Winterbottom is also experimental in style, joining many of the film’s scenes together with titles which flash and flow across the screen, creating a collage effect similar to something viewers are familiar with from music videos, as well as creating a sense of how quickly time flew passed for those living the 24 hour lifestyle. While most of the visual experimentation is highly effective and works well, scenes such as Shaun Ryder witnessing a UFO over Manchester, or Tony seeing a vision of himself as God are not as successful. The tone throughout is predominantly fun and laid back, but these scenes detract from the poignancy that is a near constant undercurrent to the comedy.
In terms of performance there is a lot to admire. Coogan is superb as Tony Wilson, portraying him as self-important and arrogant yet enthusiastic and charismatic; yes he is a total twat, but we like him nonetheless. Coogan’s comic capabilities go without saying but what impresses here are the moments when we see Wilson’s smile fade, his confidence falter. There is particular emotion generated in the scene when Tony abandons his pride and begs Lindsay not to leave him. Sean Harris has a thankless chore on his hands, playing a cultural icon on whom the film’s central message hinges. He carries this off well portraying the moody, socially awkward Ian Curtis off the stage. There is however a slight problem with the performance scenes as it just does not look like he is singing. This would be difficult to help as Ian Curtis had such a unique voice, but perhaps longer shots that disguised his mouth would have been preferable. This is a small complaint however as, even given his limited screen time, there is no denying the impact of seeing his angelic figure rest in a coffin, and this is a credit to his performance. Elsewhere Danny Cunningham is perfect as Shaun Ryder and Andy Serkis is hilarious and disturbing in equal measure as producer Martin Hannett. The supporting cast is also very interesting as it features a wealth of household names, with Rob Brydon, Simon Pegg and Peter Kay all making appearances. By casting the fresh talent of the day and delivering his film in an edgy, avant-garde style Winterbottom seems to wish his film to echo the musical era it portrays, new and exciting talent creating a new and exciting style.

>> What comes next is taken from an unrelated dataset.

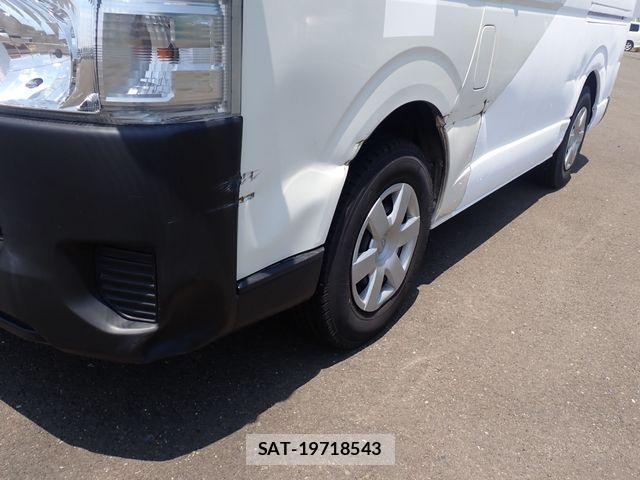 Toyota HIACE VAN 2018-09 8035868-25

In doing so he has been successful, creating a film which does justice to one of British music’s most important eras and stands in its own right as one of the finest films of its time. For all its excess and fun, 24 Hour Party People is a nostalgic reflection on a bygone era, but not one that pines for its return. Factory records is, like Ian Curtis, all the more legendary in death. It will never grow old, and will never change. Its mythology will continue to live on and that is what Winterbottom promotes. As Tony Wilson says, quoting John Ford: “when legend becomes fact; print the legend”.